The Across Lite version of Merl Reagle's weekend puzzle (labeled as the Philadelphia Inquirer puzzle) actually comes via LA Weekly, which is skipping (an issue? the puzzle?) for the holiday weekend. And the Wall Street Journal puzzle gets converted to Across Lite by Lloyd Mazer, but the puzzle wasn't on the WSJ website early enough, and Lloyd's daughter is getting married this weekend, so we may not see that puzzle either. Use the free time to get outside and relax!

Today's LA Times puzzle by Donna Levin challenged me. Lots of vagueish clues, like [Does some field work] for BALES, and some tricky ones, like [Emile's uniform?] for EGAL (the French adjective, not a noun). The theme entries involve puns on Russian/Soviet region words/names. PUTIN ON AIRS = "putting on airs," MIR BAGATELLE = "mere bagatelle" (a phrase I love), COSSACK STAN = "Kazakhstan," and KIEV SEA MAJOR = ...what, exactly? I don't understand this one at all. The race is on: Will writing those words crack that synapse open in my brain, or will somebody else explain it to me first?

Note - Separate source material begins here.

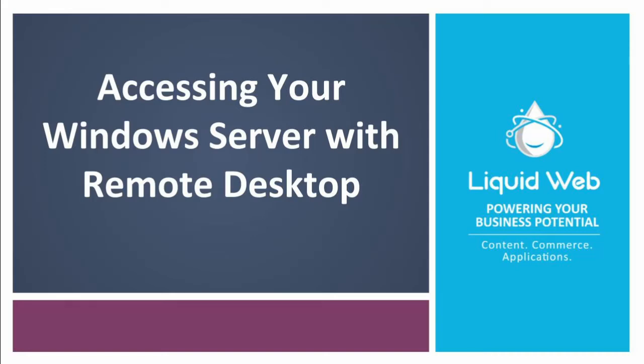Hello, this is Dan from Liquid Web. If you have Windows Server and you are not sure how to connect to it, this is the right place to be.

I flew through Randall Hartman's CrosSynergy crossword, "Greenbacks," in nearly Monday-Newsday-level speed. Filled in all the theme entries right off the bat after a couple crossings gave me the first one, which almost never happens. Kinda fun that way!

The May 11 Chronicle of Higher Education puzzle is by Jack McInturff. (How much do I love the Chronicle puzzles? So much! Crosswords expressly designed for an academically accomplished audience, no sops to beginning solvers—they're not for everyone, no, but if you crave smart puzzles and aren't doing the CHE crossword each week, you're missing out.) The theme is "Antinovels," so each theme entry swaps out a word in a novel's title for its opposite. Fun for the literary crowd!

This week's Jonesin' puzzle by Matt Jones is called "A Ghost of a Chance." Five long answers spell out four clues, the answers to which are ghost characters from the classic video game, PAC-MAN (67-Across); all four chase Pac-Man, whom the player controls, and the player's job is to eat dots and avoid getting caught by the ghosts. Favorite entry: 51-Down, MULVA, which people who don't care for Seinfeld probably don't know. Fun puzzle!

(I think I just used up the rest of my allotment of exclamationn points for the month.)